WORK ORDER:
Please transcribe exactly the lines from the line holding "PENANAMAN AKHLAK: Mengajari" through the end of the data below, and skip any pictures.

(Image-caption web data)
######

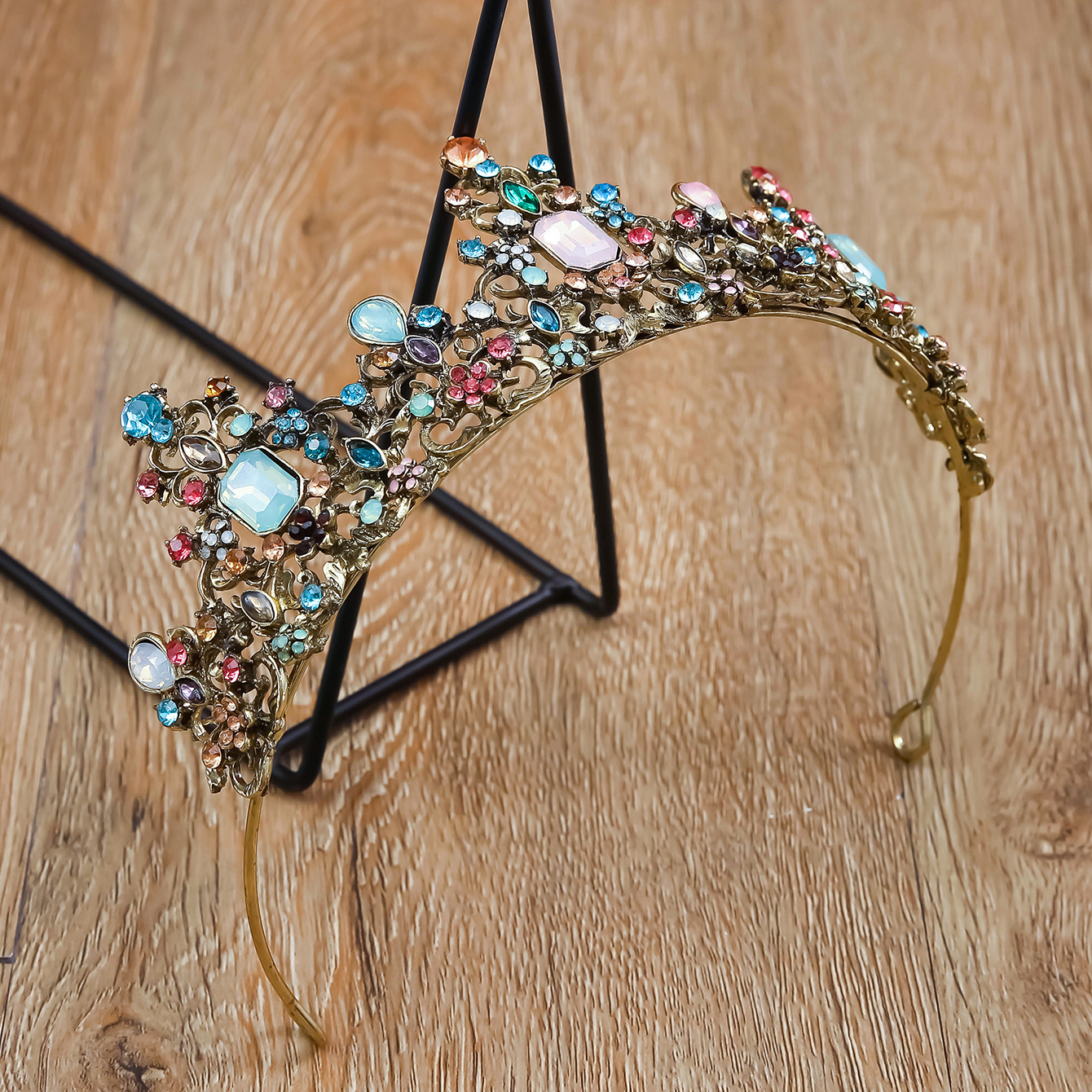 新款欧美满钻超闪银色半圆皇冠新娘结婚头饰摄影跟妆盘发造型复古详情12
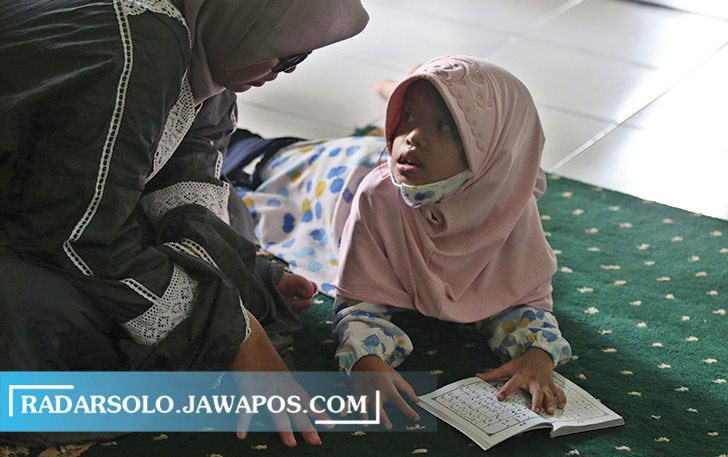 PENANAMAN AKHLAK: Mengajari anak membaca Alquran bisa dilakukan sejak dini. Ada banyak pendekatan yang bisa dilakukan, salah satunya memberi hadiah. (ARIEF BUDIMAN/RADAR SOLO)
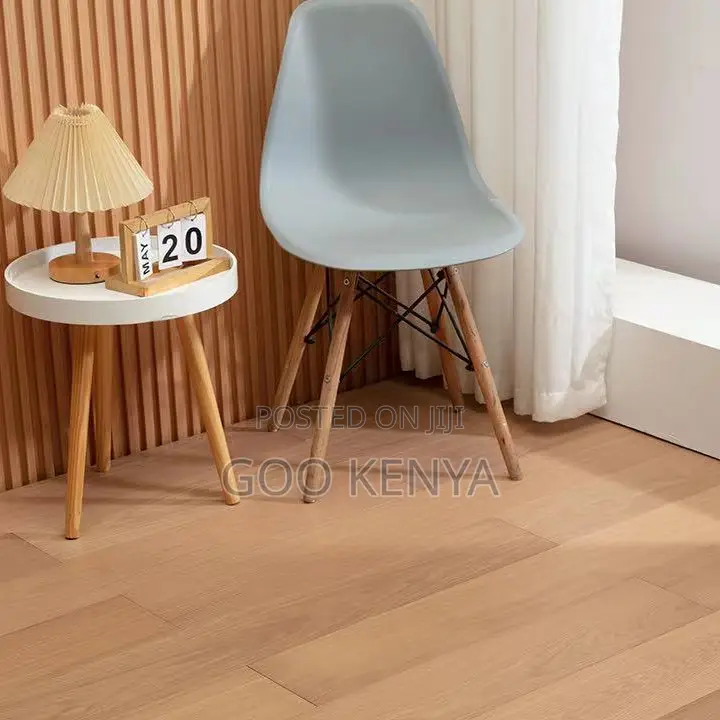 Home Chair; Modern Plastic Eames Dining Chair for Outdoor Indoor Use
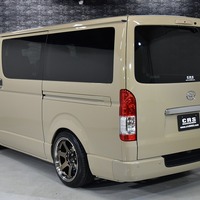 6955 9型ハイエース スーパーGL   2WD 2,800CC ディーゼル車 1ナンバー 2/5人乗りのサムネイル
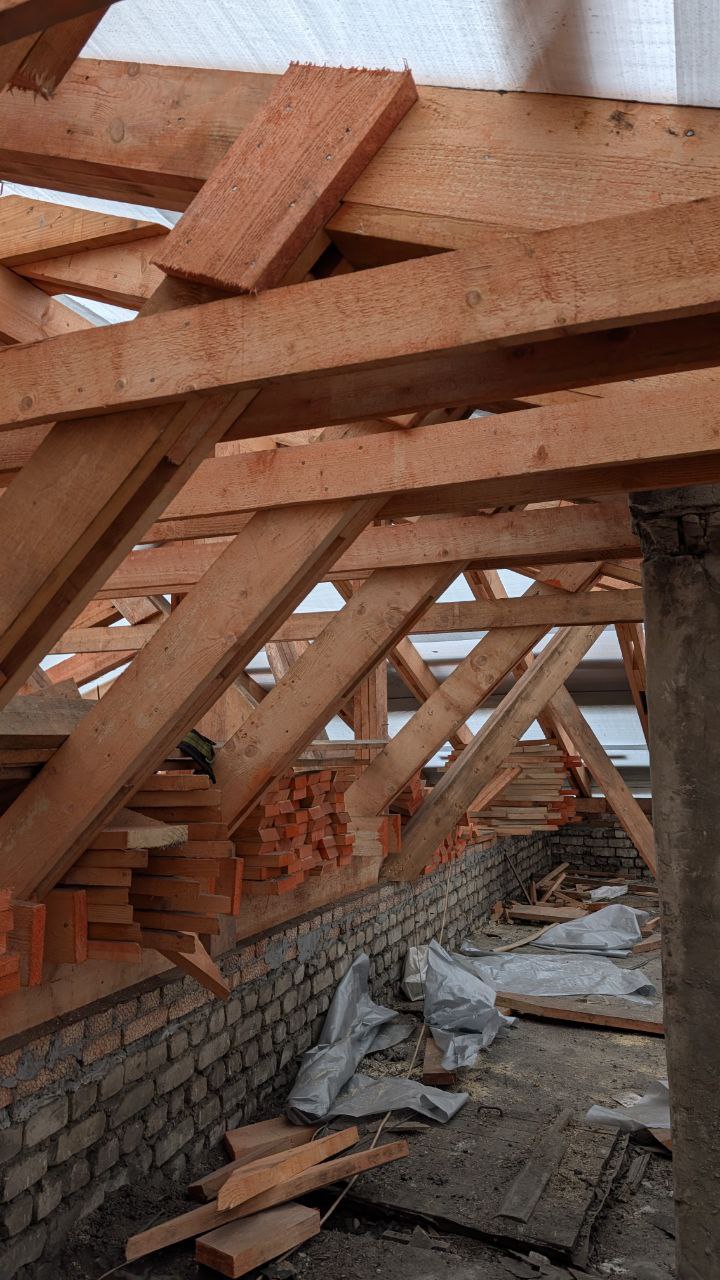 В поселке Краснодон продолжается капитальный ремонт кровли многоквартирного жилого дома по адресу: ул. Елисеенко, д. 14. Работы ведутся в рамках специального инфраструктурного проекта при поддержке Тюменской области В поселке Краснодон продолжается капитальный ремонт кровли многоквартирного жилого дома по адресу: ул. Елисеенко, д. 14. Работы ведутся в рамках специального инфраструктурного проекта при поддержке Тюменской области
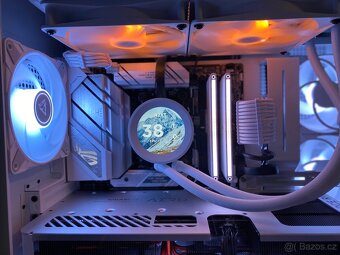 Herní PC Ryzen 7 7700 + RTX 4080 Super + 32GB RAM - 5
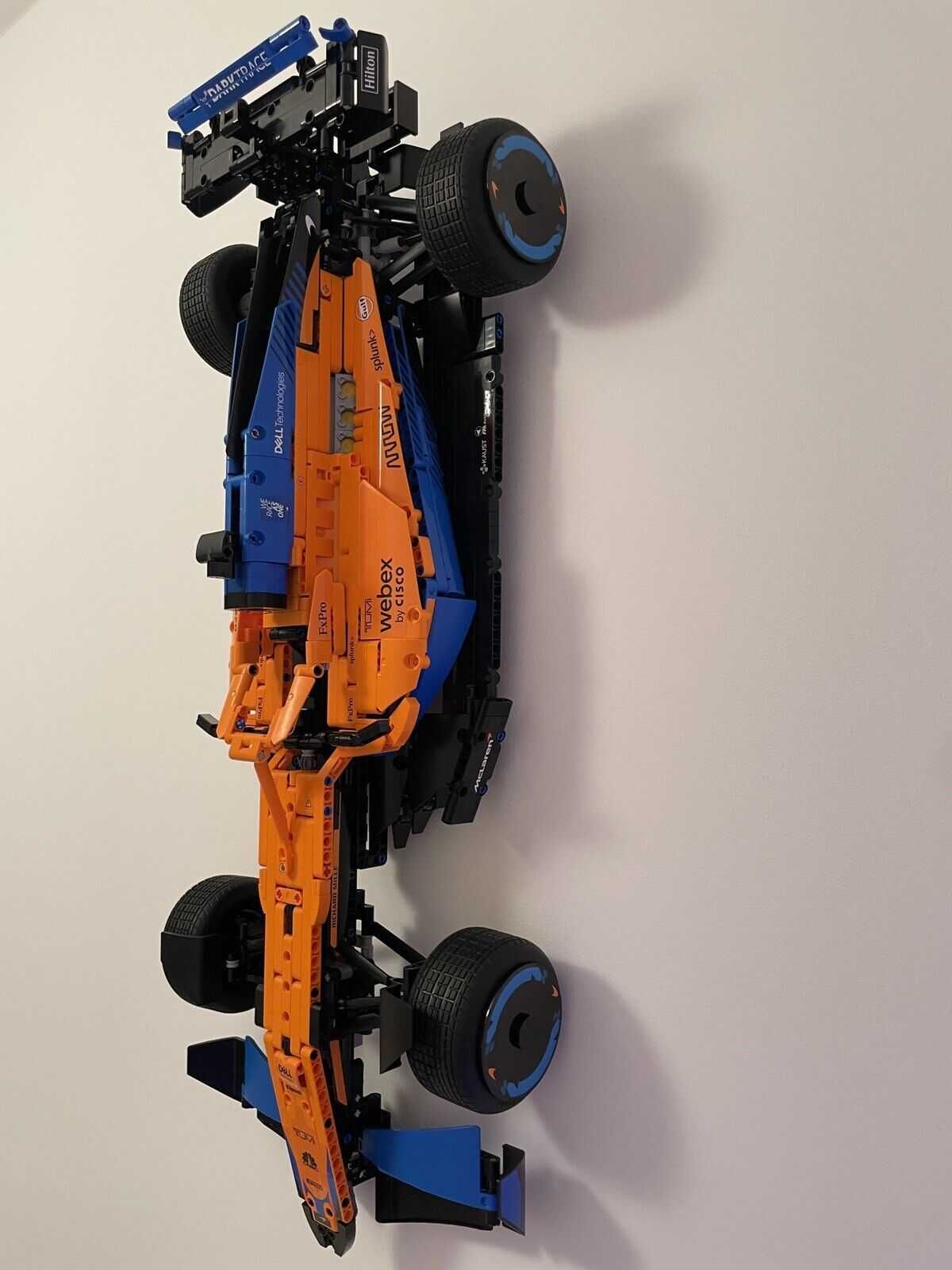 Suporte Vertical para LEGO Technic McLaren F1 Formula 1 Race Car 42141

######

EXERCISE OUTPUT:
 PENANAMAN AKHLAK: Mengajari anak membaca Alquran bisa dilakukan sejak dini. Ada banyak pendekatan yang bisa dilakukan, salah satunya memberi hadiah. (ARIEF BUDIMAN/RADAR SOLO)
 Home Chair; Modern Plastic Eames Dining Chair for Outdoor Indoor Use
 6955 9型ハイエース スーパーGL   2WD 2,800CC ディーゼル車 1ナンバー 2/5人乗りのサムネイル
 В поселке Краснодон продолжается капитальный ремонт кровли многоквартирного жилого дома по адресу: ул. Елисеенко, д. 14. Работы ведутся в рамках специального инфраструктурного проекта при поддержке Тюменской области В поселке Краснодон продолжается капитальный ремонт кровли многоквартирного жилого дома по адресу: ул. Елисеенко, д. 14. Работы ведутся в рамках специального инфраструктурного проекта при поддержке Тюменской области
 Herní PC Ryzen 7 7700 + RTX 4080 Super + 32GB RAM - 5
 Suporte Vertical para LEGO Technic McLaren F1 Formula 1 Race Car 42141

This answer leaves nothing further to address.